■ **Task to complete**
Your answer must be the full listing below, restated word for word, with no pictures in it.

■ **Dataset**

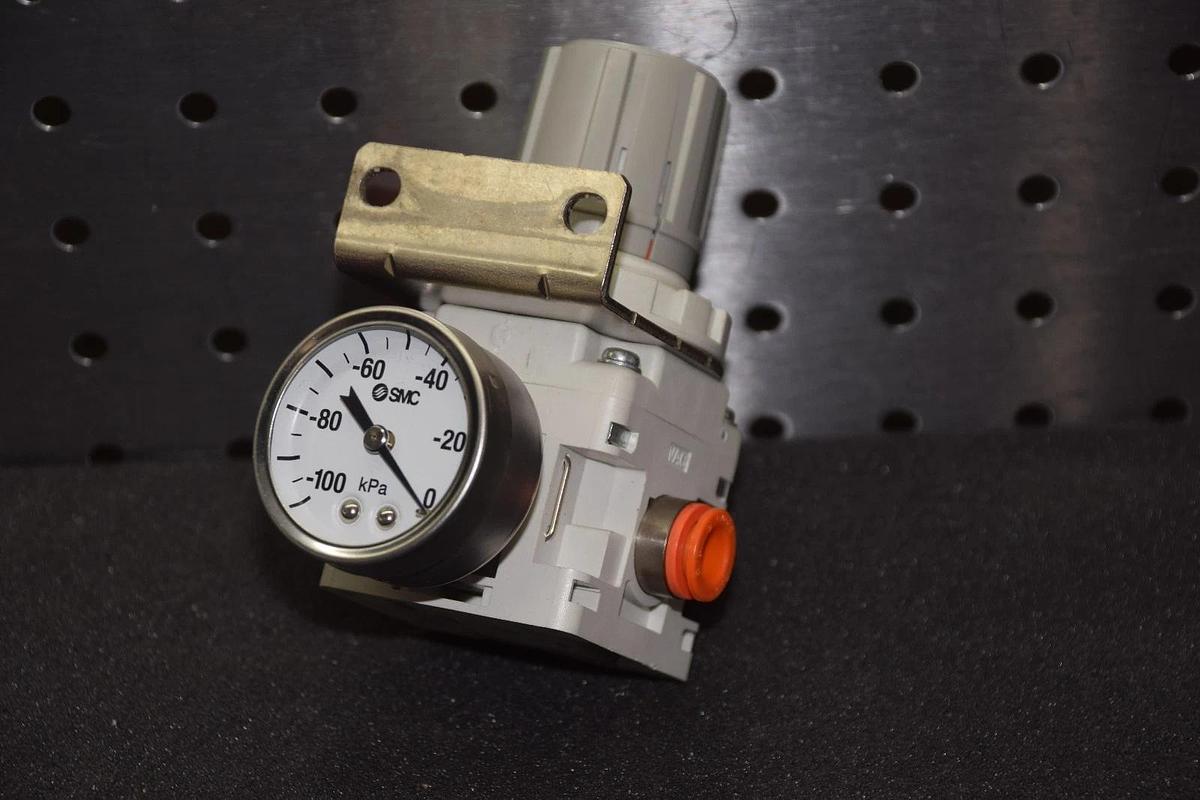 SMC IRV20-N11BG 1.3kPa 3/8" PORT SIZE WITH BRACKET VACUUM REGULATOR NEW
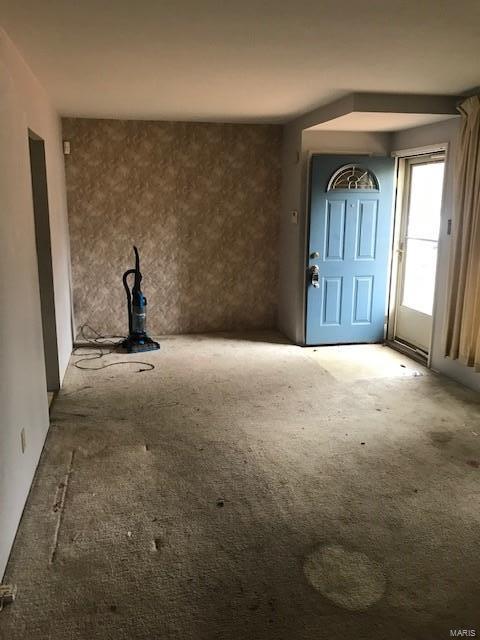 810 Derhake Road Florissant, MO 63033 - Photo 2 of 11 Gallery Image 2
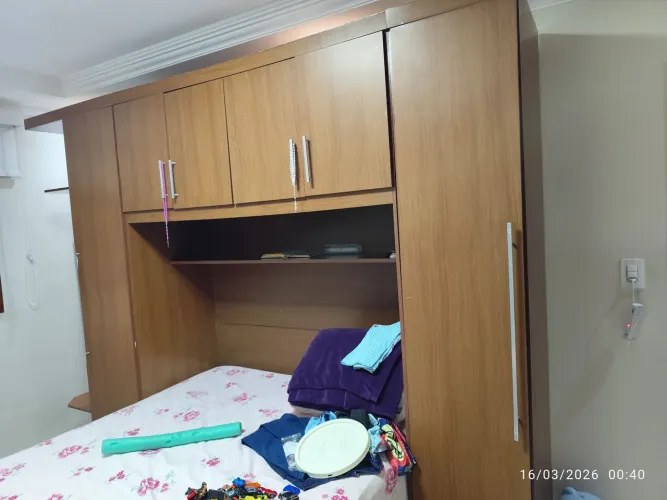 Guardado roupa modulado com cama 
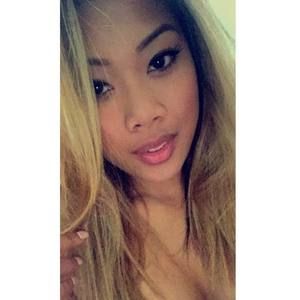 Meet your Posher, Rhena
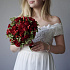 Букет невесты с миксом красных роз и гиперикумом - Фото 2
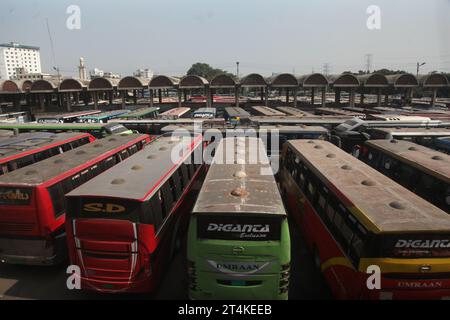 Dhaka Bangladesh October2023, le premier jour du blocus de 72 heures appelé par le Parti nationaliste du Bangladesh BNP et Jamaat-e-Islam, pas de longue distance Banque D'Images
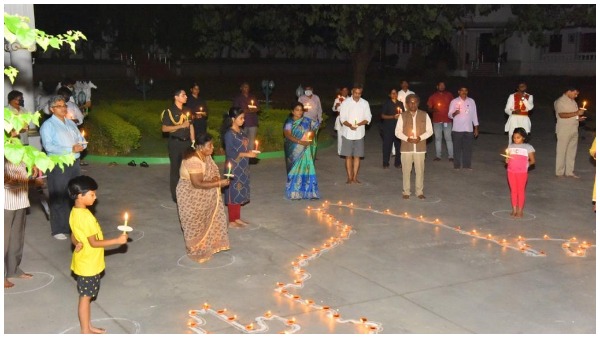 రాజ్‌భవన్‌లో గవర్నర్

■ **Exercise result**
 SMC IRV20-N11BG 1.3kPa 3/8" PORT SIZE WITH BRACKET VACUUM REGULATOR NEW
 810 Derhake Road Florissant, MO 63033 - Photo 2 of 11 Gallery Image 2
 Guardado roupa modulado com cama 
 Meet your Posher, Rhena
 Букет невесты с миксом красных роз и гиперикумом - Фото 2
 Dhaka Bangladesh October2023, le premier jour du blocus de 72 heures appelé par le Parti nationaliste du Bangladesh BNP et Jamaat-e-Islam, pas de longue distance Banque D'Images
 రాజ్‌భవన్‌లో గవర్నర్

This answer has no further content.